# Help on stick insects



## Ollie7000 (Apr 9, 2011)

Hi Guys

I have 5 stick insects. 2 of them over the past few weeks have been losing legs, now they both only have 2 legs. I dont know what is causing this to happen but I dont want it to happen to the other 3. Its not old age as I have only had them in October last year. Is there anything I can do to help? If so what?


----------



## Vampyria (Dec 14, 2009)

Hello! Welcome to Pet Forums!

Sorry the reply is late - this part of the forum is very quiet 

What stick insects are they? I know of some species that will fight with each other, but if yours are Indian sticks then that is most certainly not the case. How old are they/are they adult? Could they be losing legs from a moult or are they just dropping off? Sometimes this may happen when the stick insects do not have enough room in their enclosure.

One other thing I would suggest is they have injested some sort of toxin or poison from the leaves. Did your stick insects started to lose co-ordination before they lost their legs? To be on the safe side, I would seperate the two that have lost legs into a seperate container if you can, just in case. Changing/washing the leaves may be ideal as well.

Sorry I can't be of more help. Its very difficult to see the cause sometimes. I do hope your stick insects are okay though! They may struggle with two legs, but should be fine if kept a close eye on them.


----------



## Ollie7000 (Apr 9, 2011)

Hi Vampyria

Thankyou for your help, they are indian stick insects. They arent adult I wouldnt think as they only hatched out of their eggs in September. Their legs just seem to be dropping off, and they are just led on the floor of the tank. I try resting them on a piece of bramble, but they just keep falling off. 

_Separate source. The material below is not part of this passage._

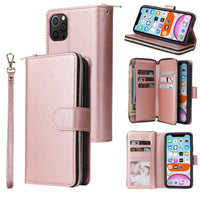 Buy Classic Wallet Phone Case, 9 Card Slots, Premium Leather, Credit Card Holder, Shockproof Case,Bakari at Caseles-iPhone 16 Pro Max, Bakari-Pink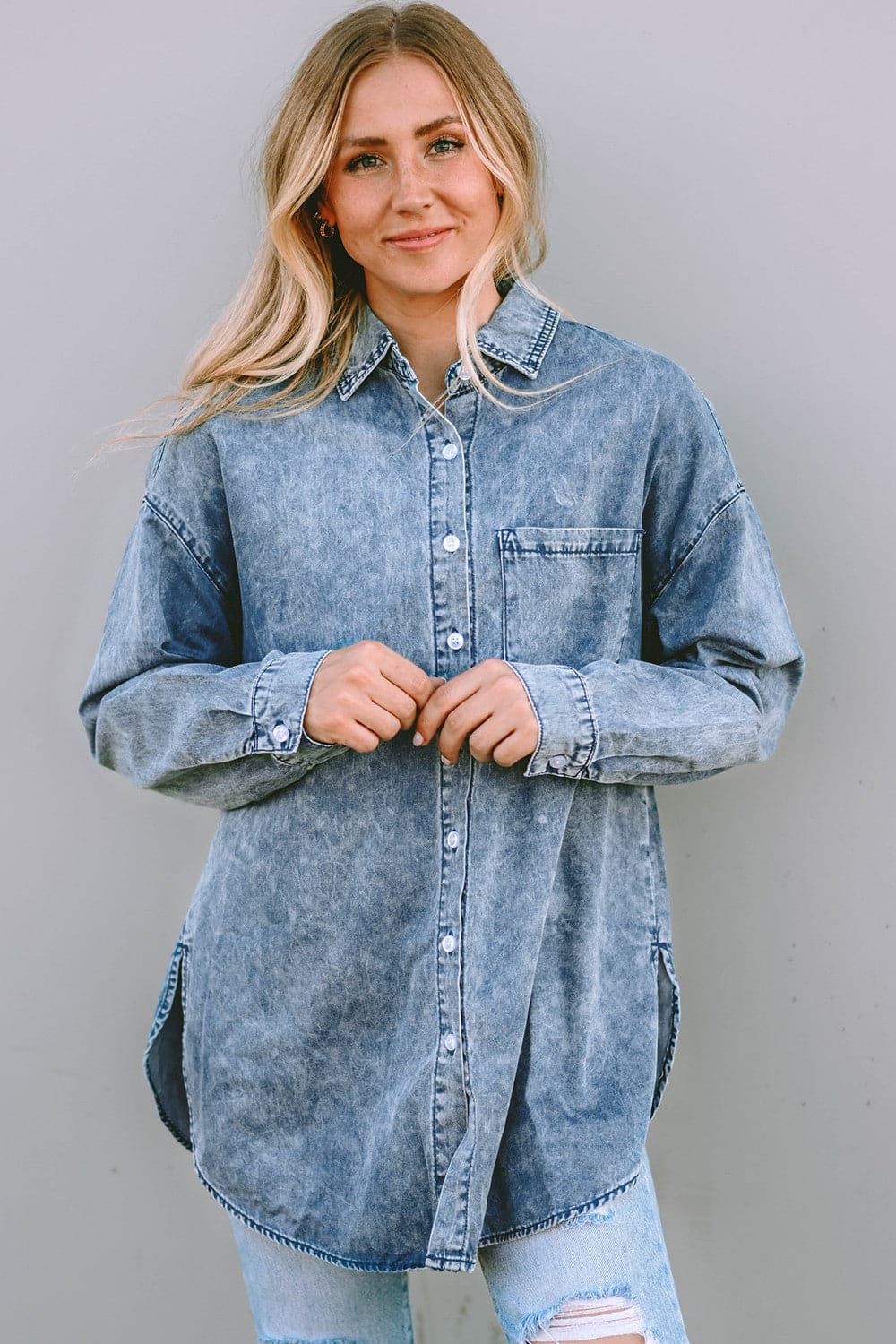 Button Up Dropped Shoulder Denim Top.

Anyway thanks again, I will try to use your ideas if I can.
Ollie7000


----------



## ameliajane (Mar 26, 2011)

Have they _always_ got plenty of fresh food and is it food they find palatable? They will resort to trying to eat each other (and legs are easiest being so thin) if they are ever short of food or the food isn't quite edible. And once a stick insect has lost a leg it will become an easy target as it can't escape so quickly - this might explain why only 2 of them are affected.

Give them plenty of room too. Being constantly in close proximity to each other will increase the risk of them accidentally biting through a leg instead of a leaf.

Do they have a source of water? A piece of sponge soaked in water will do or spray the leaves every day. If they are a bit dehydrated they will seek an alternative source of fluid...


----------



## Jazzy (Apr 15, 2009)

Ollie7000 said:


> Hi Guys
> 
> I have 5 stick insects. 2 of them over the past few weeks have been losing legs, now they both only have 2 legs. I dont know what is causing this to happen but I dont want it to happen to the other 3. Its not old age as I have only had them in October last year. Is there anything I can do to help? If so what?


It could be old age as I think the average life span is six months to a year for Indian stick insects. We used to have them years ago and I know they didn't have long lives but they do breed really easily and most of the eggs usually hatch out - as we found - all 200 of them..


----------



## Ollie7000 (Apr 9, 2011)

Hey Guys

Me Again! Sadly 4 out of 5 of my stick insects are now losing legs. But when I was cleaning them out, i noticed that they were laying eggs. So it might just be old age. But thanks for your help. If anyone has any solutions to stop them from losing all their legs then tell me.:001_smile:

Ollie7000


----------



## Zanki (Jun 1, 2011)

This happens with stick insects all the time. I kept them eight years and I saw a lot of different things. Sometimes if a stick insect gets an injoury on its leg, espeically an older one, they will chew off their legs, or snap it off some way. I had one walking on me one day, it decided to hold onto my hand and pull one of its legs off on me. I was a little bit freaked out, but they can get around fine with two or three missing legs. 
I did have one little guy, who the whole tank decided to attack one night, he ended up with one leg, which he decided to eat off, wasn't very nice to see. He survived and outlived some of his tankmates with the metal legs I made for him. He couldn't climb but he could walk around, find food etc.


----------



## Ollie7000 (Apr 9, 2011)

Hi Zanki

Thankyou for the advice, it has helped a lot! 

Ollie


----------



## gleedinosawr (Sep 7, 2011)

Righty, I had the same problem. It could be a few problems:

*1. Fungal infection*
this could be due to overly damp conditions which encourages the growth of fungi causing the stick insects to lose legs

*2. Space*
like most animals they need their space. As indian stick insects reach about 10cm in length the height of the tank needs to be at least 3 time the size, for moulting etc, therefore 30cm high for indian ones. Overcrowding causes them to fight for food hence the leg loss

*3. Overhandling*
I used to carry them around quite alot, and this to a stick insect means that you could be a preditor. And so they become stressed and as they try to escape they lose legs as its better than dying... if that makes sense...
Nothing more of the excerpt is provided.